SUARA INDONESIA, BLORA - SMA Negeri 1 Cepu, Kabupaten Blora, Jawa Tengah, terus memperkuat implementasi program Sekolah Adiwiyata dengan mengembangkan program unggulan ecosociopreneurship, yakni kewirausahaan berbasis lingkungan yang melibatkan siswa secara aktif.
Sekolah yang meraih penghargaan Adiwiyata 2025 dari Kementerian Lingkungan Hidup dan Kehutanan (KLHK) tersebut menjadikan ecosociopreneurship sebagai strategi untuk menanamkan kepedulian terhadap lingkungan sekaligus membangun jiwa kewirausahaan di kalangan siswa.
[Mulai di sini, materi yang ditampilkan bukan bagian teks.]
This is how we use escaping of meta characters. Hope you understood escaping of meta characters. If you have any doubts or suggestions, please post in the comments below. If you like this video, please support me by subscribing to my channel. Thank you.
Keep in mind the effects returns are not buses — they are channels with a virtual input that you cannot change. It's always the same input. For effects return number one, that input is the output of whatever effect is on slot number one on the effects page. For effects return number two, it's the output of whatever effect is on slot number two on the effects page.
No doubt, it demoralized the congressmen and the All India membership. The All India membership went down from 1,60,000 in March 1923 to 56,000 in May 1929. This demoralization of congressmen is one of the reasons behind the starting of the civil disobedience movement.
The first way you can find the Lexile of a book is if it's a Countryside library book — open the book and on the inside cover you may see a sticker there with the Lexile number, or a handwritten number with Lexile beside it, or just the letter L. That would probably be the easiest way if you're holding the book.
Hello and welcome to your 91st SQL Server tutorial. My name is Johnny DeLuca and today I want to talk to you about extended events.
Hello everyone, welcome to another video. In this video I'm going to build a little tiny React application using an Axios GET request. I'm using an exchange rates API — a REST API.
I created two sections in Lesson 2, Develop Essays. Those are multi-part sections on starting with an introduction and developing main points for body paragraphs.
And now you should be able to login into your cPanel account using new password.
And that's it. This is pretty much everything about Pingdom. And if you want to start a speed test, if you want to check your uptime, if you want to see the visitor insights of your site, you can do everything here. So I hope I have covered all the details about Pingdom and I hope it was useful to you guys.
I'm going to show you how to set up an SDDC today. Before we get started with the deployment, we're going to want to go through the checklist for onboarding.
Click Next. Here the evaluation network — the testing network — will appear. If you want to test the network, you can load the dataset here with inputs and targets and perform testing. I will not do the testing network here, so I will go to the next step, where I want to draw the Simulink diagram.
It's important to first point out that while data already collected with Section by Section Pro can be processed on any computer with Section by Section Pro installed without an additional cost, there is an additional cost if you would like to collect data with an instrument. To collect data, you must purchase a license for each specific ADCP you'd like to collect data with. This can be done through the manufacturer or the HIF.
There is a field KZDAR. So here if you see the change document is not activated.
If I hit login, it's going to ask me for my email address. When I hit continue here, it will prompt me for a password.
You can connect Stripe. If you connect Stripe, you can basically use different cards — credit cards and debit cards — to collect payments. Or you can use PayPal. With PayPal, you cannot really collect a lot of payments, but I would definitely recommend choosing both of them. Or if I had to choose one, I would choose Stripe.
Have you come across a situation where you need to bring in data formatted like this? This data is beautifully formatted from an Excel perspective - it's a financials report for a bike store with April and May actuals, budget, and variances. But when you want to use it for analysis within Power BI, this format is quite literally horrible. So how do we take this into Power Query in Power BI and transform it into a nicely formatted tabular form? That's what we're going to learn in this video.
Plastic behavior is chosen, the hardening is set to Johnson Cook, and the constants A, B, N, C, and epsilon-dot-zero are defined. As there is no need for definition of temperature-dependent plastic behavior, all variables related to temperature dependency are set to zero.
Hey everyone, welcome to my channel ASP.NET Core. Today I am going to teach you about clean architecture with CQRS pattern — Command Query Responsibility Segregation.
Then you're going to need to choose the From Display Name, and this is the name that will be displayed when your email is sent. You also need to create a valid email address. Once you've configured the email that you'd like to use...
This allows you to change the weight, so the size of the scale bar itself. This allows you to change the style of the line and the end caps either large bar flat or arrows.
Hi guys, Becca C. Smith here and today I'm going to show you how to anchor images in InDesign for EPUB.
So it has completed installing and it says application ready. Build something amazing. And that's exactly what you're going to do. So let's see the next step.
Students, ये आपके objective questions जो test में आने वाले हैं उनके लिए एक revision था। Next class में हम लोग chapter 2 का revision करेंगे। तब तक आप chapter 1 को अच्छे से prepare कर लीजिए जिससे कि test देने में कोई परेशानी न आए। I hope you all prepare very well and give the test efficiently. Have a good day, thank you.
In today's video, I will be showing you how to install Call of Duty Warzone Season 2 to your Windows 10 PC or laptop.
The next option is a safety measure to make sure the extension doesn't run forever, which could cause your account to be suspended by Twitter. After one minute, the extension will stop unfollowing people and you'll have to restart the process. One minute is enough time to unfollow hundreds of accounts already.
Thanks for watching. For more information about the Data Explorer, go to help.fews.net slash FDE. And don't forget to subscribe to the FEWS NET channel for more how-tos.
Kepala SMA Negeri 1 Cepu, Jerry Puspitasari, mengatakan ecosociopreneurship merupakan program yang bertujuan mencetak generasi wirausaha yang memiliki empati terhadap lingkungan alam dan sosial demi keberlangsungan kehidupan.
Program ini menggabungkan tiga aspek utama, yakni kepedulian terhadap lingkungan (eco), kepedulian sosial (socio), dan kewirausahaan (preneurship).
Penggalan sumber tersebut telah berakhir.